Created on 29 Jun 2016 · 5Comments · Source: keras-team/keras

I'm pretty new to machine learning and Keras, and running into a model/data configuration issue.

Let's say my data is structured like so:
[len(sentences), maxlen, len(chars)] as the input
And I want
[len(sentences), maxlen, len(chars)] as the output

What do I need to do to the input for the LSTM model to accept it? In addition, what changes would I need to do to input_shape=(maxlen, len(chars)) in the first LSTM layer in the model?

I keep getting this error: Exception: Error when checking model target: expected activation_1 to have 2 dimensions, but got array with shape (100L, 9L, 15L)

Thank you for your time.

Source

ZerothLaw

Most helpful comment

If y is in 3D (sequences, timesteps, dimensions), you have to use TimeDistributed with Dense layer at the end. Check out addition_rnn for details. In text_generation example, y has only two dimensions. That's why a Dense matrix at the end was acceptable.

balsulami on 29 Jun 2016

👍2

All 5 comments

You show us your network code. To keep the 3D of your input you have to set return_sequences=True in LSTM model. I think the error you got is because your activation expects 2D matrix and received 3D instead.

balsulami on 29 Jun 2016

👍1

Based on lstm_text_generation.py in Examples/

text = "0123456789+-/* "

print('corpus length:', len(text))

ops = {'+': operator.add, '-':operator.sub, '/':operator.div, '*':operator.mul}

chars = set(text)
print('total chars:', len(chars))
char_indices = dict((c, i) for i, c in enumerate(chars))
indices_char = dict((i, c) for i, c in enumerate(chars))

#create math statements
maxlen=9
n_neurons = maxlen**3
sentences = []
results = []
for i in range(0, 100):
    x_val = np.random.randint(1, 9999)
    op = np.random.choice(ops.keys())
    y_val = np.random.randint(1, 9999)
    sentences.append(str(x_val)+op+str(y_val))
    results.append(str(ops[op](x_val, y_val)))

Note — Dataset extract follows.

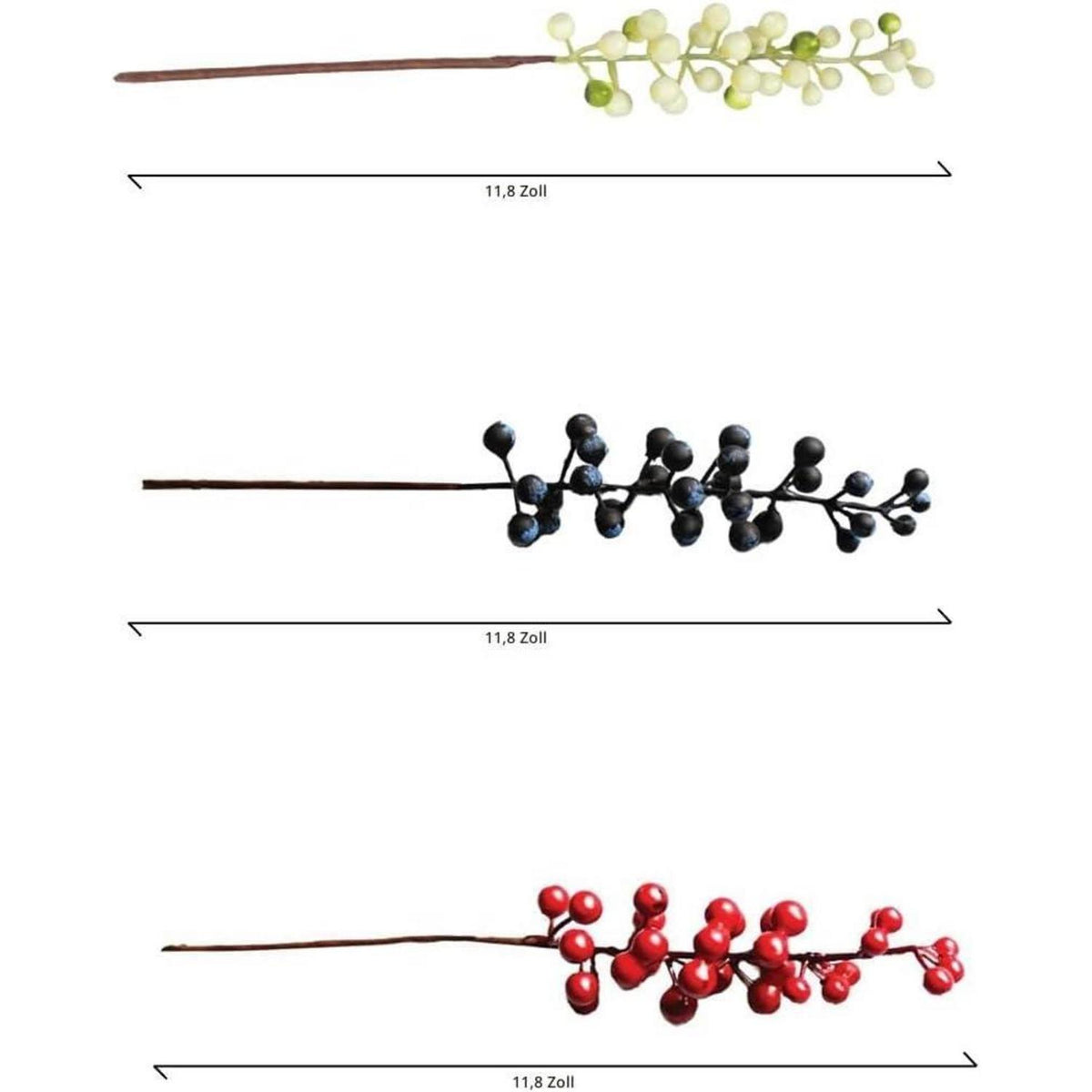 Künstliche Burgunderrote Beeren – 20er Set für Deko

print('nb sequences:', len(sentences))

print('Vectorization...')
X = np.zeros((len(sentences), maxlen, len(chars)), dtype=np.bool)
y = np.zeros((len(sentences), maxlen, len(chars)), dtype=np.bool)
for i, sentence in enumerate(sentences):
    for t, char in enumerate(sentence):
        X[i, t, char_indices[char]] = 1
    for u, char in enumerate(results[i]):
        y[i, u, char_indices[char]] = 1


# build the model: 2 stacked LSTM
print('Build model...')
model = Sequential()
model.add(LSTM(n_neurons, return_sequences=True, input_shape=(maxlen, len(chars))))
model.add(Dropout(0.2))
model.add(LSTM(n_neurons, return_sequences=False))
model.add(Dropout(0.2))
model.add(Dense(len(chars)))
model.add(Activation('softmax'))

model.compile(loss='categorical_crossentropy', optimizer='rmsprop')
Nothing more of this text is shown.